Data supplied:
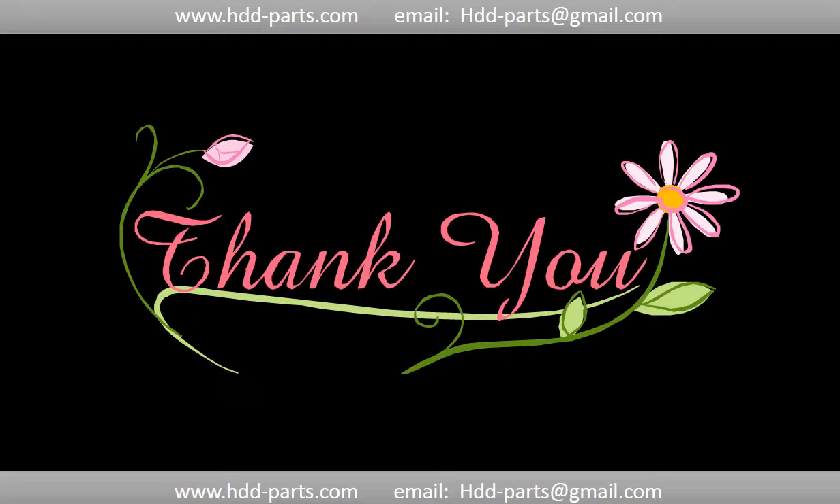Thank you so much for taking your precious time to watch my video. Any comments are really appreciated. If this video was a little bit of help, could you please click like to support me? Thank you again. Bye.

...

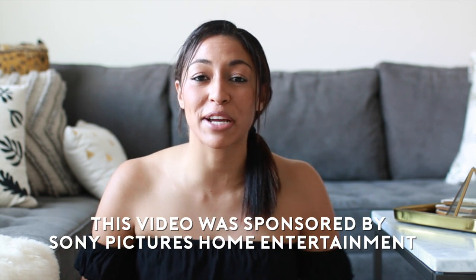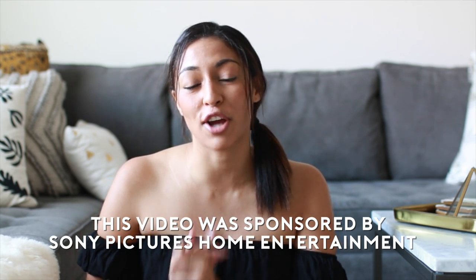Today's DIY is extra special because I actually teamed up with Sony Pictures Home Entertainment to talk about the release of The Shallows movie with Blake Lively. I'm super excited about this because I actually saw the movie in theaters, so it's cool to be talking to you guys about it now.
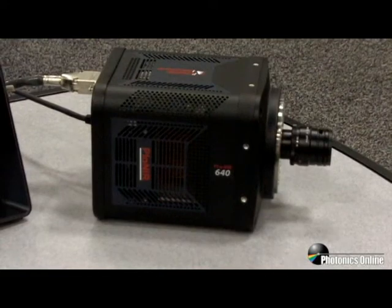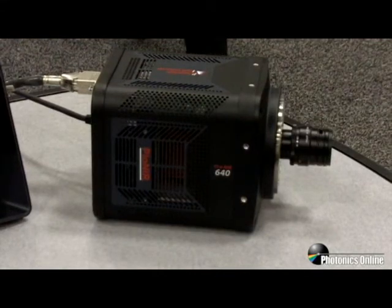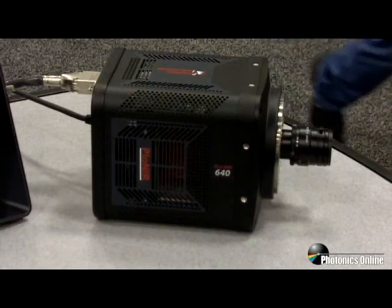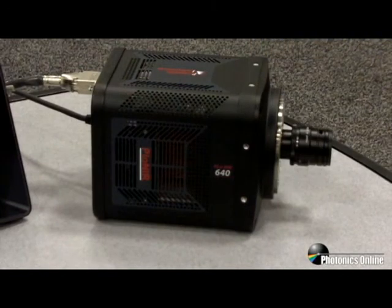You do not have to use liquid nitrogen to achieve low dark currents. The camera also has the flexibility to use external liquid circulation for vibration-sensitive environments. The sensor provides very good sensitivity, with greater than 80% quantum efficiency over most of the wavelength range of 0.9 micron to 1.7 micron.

...

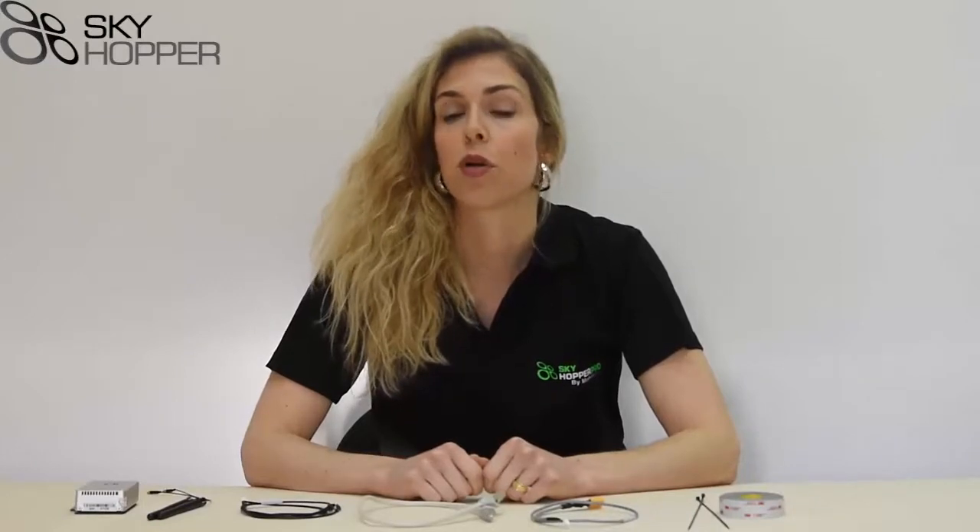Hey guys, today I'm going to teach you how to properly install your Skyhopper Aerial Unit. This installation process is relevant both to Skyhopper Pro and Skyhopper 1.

Task goal: Treat the line with "Today's DIY is" as the start and the line with "You do not have" as the end, and return exactly that span of the data above, both ends included, without pictures.

Written answer:
Today's DIY is extra special because I actually teamed up with Sony Pictures Home Entertainment to talk about the release of The Shallows movie with Blake Lively. I'm super excited about this because I actually saw the movie in theaters, so it's cool to be talking to you guys about it now.
You do not have to use liquid nitrogen to achieve low dark currents. The camera also has the flexibility to use external liquid circulation for vibration-sensitive environments. The sensor provides very good sensitivity, with greater than 80% quantum efficiency over most of the wavelength range of 0.9 micron to 1.7 micron.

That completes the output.